En gare de Loei, ce moine coiffé d’un bonnet de laine triangulaire. Il entre dans le parc réservé, un carré au centre de la salle d’attente que j’ai pris pour un espace réservé aux bambins. L’arrivée d’autres moines, débarqués des bus, le confirme: l’endroit est un lieu d’attente spécial. Au-dessus de ce parc, une téléviseur diffuse en boucle des matchs de boxe muay thaï. Mais le plus étonnant est la canne du monsieur à bonnet. Verte, elle figure un serpent dressé. Sur le retour, le moine à peint une gueule ouverte crachant le feu. La chevelure hérissée est figurée à l’aide d’une série de clous qui, paradoxalement, rendent la canne inutile.
Mois : janvier 2016
Histoire
A Sukhothai se trouvent les seules ruines que possède la Thäilande, les vestiges d’une cité du XIIIème siècle liée à la seconde fondation du bouddhisme, en réalité une série d’allées, des temples, de plateformes et de bassins aux formes syncrétiques circonscrits dans un jardin. Les monuments sont essentiellement de briques rouge et il faut, entre ces parties reconstruites, chercher à la loupe les morceaux authentiques. Gala qui s’enthousiasmait, n’en demande pas plus. J’avais gardé un meilleur souvenir de ma première visite (je songe à Teotihuacán ou à Angkor). Heureusement, une compétition se déroule au milieu de l’ensemble monumental. Du cross-country. Lorsque nous arrivons sur nos vélos gris platine, propriétés de la police, les concurrents reprennent leur souffle, démontent les roues, charge les montures sur les jeeps. Et quelles montures! Les meilleurs marques mondiales, du titane, du carbone, des fourches et de l’hydraulique. Je déambule, épaté.

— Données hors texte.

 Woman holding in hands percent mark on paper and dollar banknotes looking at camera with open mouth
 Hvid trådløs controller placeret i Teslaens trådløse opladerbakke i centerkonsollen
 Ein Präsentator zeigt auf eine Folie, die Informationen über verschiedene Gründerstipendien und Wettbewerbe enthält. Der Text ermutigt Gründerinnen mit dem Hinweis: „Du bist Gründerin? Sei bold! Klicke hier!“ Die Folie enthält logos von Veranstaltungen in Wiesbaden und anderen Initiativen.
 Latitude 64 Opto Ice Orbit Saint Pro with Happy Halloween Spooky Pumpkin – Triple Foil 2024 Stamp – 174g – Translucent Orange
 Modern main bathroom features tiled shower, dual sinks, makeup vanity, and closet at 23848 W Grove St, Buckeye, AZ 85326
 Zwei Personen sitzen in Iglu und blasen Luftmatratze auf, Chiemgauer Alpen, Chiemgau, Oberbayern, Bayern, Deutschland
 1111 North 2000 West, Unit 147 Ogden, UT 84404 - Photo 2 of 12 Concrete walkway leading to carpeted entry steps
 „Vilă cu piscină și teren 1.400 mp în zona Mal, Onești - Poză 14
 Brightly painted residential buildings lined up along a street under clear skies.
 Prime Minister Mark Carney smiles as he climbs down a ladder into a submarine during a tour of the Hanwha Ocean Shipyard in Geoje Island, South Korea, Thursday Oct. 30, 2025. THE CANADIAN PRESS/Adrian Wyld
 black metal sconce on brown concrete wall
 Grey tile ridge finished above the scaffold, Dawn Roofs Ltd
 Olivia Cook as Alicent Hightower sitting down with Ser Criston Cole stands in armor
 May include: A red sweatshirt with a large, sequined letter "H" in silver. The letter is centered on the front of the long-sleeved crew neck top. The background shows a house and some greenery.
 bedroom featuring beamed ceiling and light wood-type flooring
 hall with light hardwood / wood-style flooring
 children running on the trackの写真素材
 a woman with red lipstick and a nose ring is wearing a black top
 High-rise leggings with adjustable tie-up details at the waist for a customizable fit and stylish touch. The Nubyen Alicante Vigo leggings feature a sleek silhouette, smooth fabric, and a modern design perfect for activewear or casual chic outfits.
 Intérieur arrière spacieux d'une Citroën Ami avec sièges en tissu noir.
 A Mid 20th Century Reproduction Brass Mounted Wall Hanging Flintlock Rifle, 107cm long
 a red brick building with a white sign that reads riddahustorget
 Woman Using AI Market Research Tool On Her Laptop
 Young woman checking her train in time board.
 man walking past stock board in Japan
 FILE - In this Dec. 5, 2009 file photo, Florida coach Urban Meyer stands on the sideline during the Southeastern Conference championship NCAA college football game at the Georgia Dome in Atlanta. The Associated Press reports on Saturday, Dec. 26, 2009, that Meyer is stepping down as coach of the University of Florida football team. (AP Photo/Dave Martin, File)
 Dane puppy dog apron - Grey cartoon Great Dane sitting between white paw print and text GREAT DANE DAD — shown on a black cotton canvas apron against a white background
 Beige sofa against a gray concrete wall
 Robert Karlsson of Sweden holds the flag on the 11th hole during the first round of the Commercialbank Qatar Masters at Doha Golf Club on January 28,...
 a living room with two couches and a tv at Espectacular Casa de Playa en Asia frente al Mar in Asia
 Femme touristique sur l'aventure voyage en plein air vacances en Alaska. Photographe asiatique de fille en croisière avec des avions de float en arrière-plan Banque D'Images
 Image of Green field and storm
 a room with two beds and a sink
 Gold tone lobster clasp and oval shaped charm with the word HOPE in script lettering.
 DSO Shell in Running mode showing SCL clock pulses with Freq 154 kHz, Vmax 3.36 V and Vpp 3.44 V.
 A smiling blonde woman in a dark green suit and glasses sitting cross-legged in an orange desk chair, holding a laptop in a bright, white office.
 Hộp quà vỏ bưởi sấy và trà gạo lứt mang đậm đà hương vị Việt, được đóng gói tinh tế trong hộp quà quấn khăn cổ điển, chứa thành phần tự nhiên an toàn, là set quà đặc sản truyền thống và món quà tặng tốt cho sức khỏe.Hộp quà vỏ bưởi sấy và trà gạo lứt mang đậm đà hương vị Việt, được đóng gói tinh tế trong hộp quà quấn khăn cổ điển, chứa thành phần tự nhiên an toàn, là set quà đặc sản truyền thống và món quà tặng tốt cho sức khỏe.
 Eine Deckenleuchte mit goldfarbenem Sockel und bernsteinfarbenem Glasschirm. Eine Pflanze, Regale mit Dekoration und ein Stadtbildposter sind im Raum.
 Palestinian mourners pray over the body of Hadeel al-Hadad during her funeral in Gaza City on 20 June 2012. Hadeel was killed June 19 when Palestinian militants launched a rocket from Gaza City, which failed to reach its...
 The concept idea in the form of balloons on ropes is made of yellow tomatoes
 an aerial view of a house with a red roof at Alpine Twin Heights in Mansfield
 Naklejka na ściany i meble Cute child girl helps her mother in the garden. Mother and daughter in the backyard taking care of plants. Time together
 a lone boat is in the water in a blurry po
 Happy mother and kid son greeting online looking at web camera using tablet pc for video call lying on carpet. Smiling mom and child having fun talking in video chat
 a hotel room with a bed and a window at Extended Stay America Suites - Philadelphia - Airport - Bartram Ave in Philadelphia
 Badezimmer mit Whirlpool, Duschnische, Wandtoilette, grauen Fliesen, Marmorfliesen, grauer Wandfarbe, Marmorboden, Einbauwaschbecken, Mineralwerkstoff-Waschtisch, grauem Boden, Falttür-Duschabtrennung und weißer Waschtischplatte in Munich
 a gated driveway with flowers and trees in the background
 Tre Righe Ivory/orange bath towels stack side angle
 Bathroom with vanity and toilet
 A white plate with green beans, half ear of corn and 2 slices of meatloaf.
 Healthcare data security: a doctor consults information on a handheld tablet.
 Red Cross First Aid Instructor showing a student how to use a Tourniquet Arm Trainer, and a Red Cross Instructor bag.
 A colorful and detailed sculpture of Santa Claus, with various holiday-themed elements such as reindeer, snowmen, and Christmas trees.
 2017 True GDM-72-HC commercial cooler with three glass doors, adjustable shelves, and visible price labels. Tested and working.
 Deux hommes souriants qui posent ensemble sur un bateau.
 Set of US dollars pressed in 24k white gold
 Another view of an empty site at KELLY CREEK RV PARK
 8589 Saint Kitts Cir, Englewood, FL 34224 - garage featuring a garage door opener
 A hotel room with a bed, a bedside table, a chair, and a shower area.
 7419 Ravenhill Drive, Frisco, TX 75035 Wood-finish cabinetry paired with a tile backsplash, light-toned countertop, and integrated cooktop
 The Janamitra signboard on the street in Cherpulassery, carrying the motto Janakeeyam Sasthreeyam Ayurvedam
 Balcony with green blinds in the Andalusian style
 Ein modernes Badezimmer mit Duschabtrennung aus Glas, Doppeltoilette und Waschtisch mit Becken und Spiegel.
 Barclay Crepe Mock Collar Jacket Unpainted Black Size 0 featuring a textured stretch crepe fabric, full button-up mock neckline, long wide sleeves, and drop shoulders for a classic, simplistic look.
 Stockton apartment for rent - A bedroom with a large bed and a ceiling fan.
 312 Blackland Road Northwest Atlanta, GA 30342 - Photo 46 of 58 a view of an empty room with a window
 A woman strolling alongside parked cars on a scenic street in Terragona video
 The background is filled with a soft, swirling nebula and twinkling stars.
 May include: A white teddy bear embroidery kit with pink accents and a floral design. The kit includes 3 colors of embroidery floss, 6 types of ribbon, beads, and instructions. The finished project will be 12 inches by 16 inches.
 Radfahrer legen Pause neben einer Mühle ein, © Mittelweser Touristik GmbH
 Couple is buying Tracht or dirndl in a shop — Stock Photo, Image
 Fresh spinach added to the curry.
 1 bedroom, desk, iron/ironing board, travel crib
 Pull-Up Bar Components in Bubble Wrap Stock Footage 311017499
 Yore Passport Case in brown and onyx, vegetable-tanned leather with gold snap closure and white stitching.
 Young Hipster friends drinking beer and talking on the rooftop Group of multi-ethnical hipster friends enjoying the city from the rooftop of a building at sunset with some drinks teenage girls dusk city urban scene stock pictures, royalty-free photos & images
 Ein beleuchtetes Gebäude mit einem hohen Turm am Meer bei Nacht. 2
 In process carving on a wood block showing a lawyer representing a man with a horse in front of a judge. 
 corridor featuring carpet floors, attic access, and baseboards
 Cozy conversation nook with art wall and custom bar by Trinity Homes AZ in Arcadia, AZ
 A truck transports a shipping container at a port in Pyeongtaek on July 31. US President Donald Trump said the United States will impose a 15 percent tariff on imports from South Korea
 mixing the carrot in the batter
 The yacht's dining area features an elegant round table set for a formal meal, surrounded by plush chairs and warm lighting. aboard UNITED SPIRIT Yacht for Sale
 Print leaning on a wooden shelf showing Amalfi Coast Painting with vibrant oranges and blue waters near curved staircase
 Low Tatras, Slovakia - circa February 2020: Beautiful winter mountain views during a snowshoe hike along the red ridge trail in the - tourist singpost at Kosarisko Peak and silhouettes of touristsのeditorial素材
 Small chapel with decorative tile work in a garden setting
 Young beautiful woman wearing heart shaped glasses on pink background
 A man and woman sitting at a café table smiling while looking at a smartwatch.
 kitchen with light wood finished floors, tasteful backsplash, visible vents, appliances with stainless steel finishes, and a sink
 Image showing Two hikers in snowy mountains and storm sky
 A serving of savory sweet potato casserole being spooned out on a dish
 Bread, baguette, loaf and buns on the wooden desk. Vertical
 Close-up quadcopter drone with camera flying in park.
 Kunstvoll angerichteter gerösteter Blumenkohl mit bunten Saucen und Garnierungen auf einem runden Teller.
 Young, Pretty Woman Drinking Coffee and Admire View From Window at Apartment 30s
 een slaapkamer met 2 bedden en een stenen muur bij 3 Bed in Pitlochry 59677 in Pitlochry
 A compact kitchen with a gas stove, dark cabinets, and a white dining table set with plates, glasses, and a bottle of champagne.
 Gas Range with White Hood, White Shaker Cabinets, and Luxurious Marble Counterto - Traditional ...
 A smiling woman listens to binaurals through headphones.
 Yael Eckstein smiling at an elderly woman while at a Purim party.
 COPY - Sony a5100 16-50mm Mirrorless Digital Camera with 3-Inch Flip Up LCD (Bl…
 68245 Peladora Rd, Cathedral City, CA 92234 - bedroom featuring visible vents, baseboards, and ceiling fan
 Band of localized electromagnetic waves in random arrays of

Par la même occasion, je fais l’achat de manches de protection en lycra, ce qui n’est pas un luxe, en été, sur les cols. Et cependant, je fais parent pauvre. Les thaï ont tout: cuissard, gants gélifiés, haut versicolore, lunettes aérodynamiques… A une vendeuse qui me vante l’impression sur commande des ensembles, je demande quelle était la distance à parcourir:
- 10 kilomètres.
Vérité banales
Doit-on admettre que, dans le cours de l’histoire de la pensée, certaines banalités deviennent des vérités éminentes parce que la majorité des hommes, s’apercevant de leur banalité, ont renoncé à les exprimer, mais qu’il suffit que l’un d’entre eux, moins regardant, les exprime, pour que tous, en raison même de ce refus et partant de l’audace de celui qui passe outre, en admettent soudain la valeur?
Grâce
La beauté de la Thaïlande vient des gens, de leur comportement, de sa bonté. Bien sûr les îles! Ajoutons‑y quelques forêts, une cascade, un temple. C’est peu. Huitante millions de Thaïs qui se meuvent avec grâce, sans heurts, voilà la richesse de ce pays. A l’opposé de la Suisse, et désormais de la France: ensemble géographiques exceptionnels où l’on ne rencontre que des visages fermés, de la prétention froide et, depuis peu, de l’agressivité. Les rares thaïlandais qui voyagent en Europe ne s’y trompent pas:
- C’est joli! Confient-ils.
Milieu
Sur les berges de la rivière Nan à Phitsanulok sont amarrés des barges qui font restaurant, dancings ou pension. Fatigués par des heures de bus, nous empruntons le premier ponton qui se présente. La terrasse sur pilotis comporte deux parties, l’une fermée, l’autre ouverte. La cuisine est reliée par une passerelle. Un groupe pop joue. S’avance un homme. Faciès au cirage, jovial, ivre. Le son des hauts-parleurs est assourdissant. Nous choisissons une table éloignée. Il nous assied, tourne les pages des menus. La serveuse se précipite. Robe moulante offerte par les bières Chang, excitée, ivre. L’homme la renvoie d’une tape sur les fesses. Derrière Gala, dix mangeurs. Mâles d’un côté, femmes de l’autre. Au whisky, tous. Notre serveuse revient dans sa robe verte. Elle verse la bière sur la glace, inonde la table, s’excuse, part en vrille. Une dame se lève. Sobre, celle-là. Que voulons-nous? Elle nous renseigne en anglais, salue, prend place à une autre table. En raison des accidents de la berge, la cuisine est en léger surplomb. Logée dans une cabane de bois, elle fume par toutes ses ouvertures. A travers les volets, j’aperçois une bande de tapettes gesticulant parmi les woks, les auto-cuiseurs et les hachoirs.
- C’est le milieu.
- Le milieu?
- Le milieu! La maffia, quoi!
A Gala, je désigne la main d’un gars. Elle est baladeuse. D’ailleurs, la fille a laissé tomber sa chaussure et relevé la jambe. Un autre, le physique important, les bras durs, passe sans cesse des appels entouré de seconds couteaux. Il y a un motard. Bandana sur le front, les pattes frisées, il porte un gilet de jeans façon Hell’s angels et se goinfre de pâtes au riz. Là-bas, sur les tréteaux, une chanteuse rejoint les garçons qui grattent leurs guitares et entonne la mélopée.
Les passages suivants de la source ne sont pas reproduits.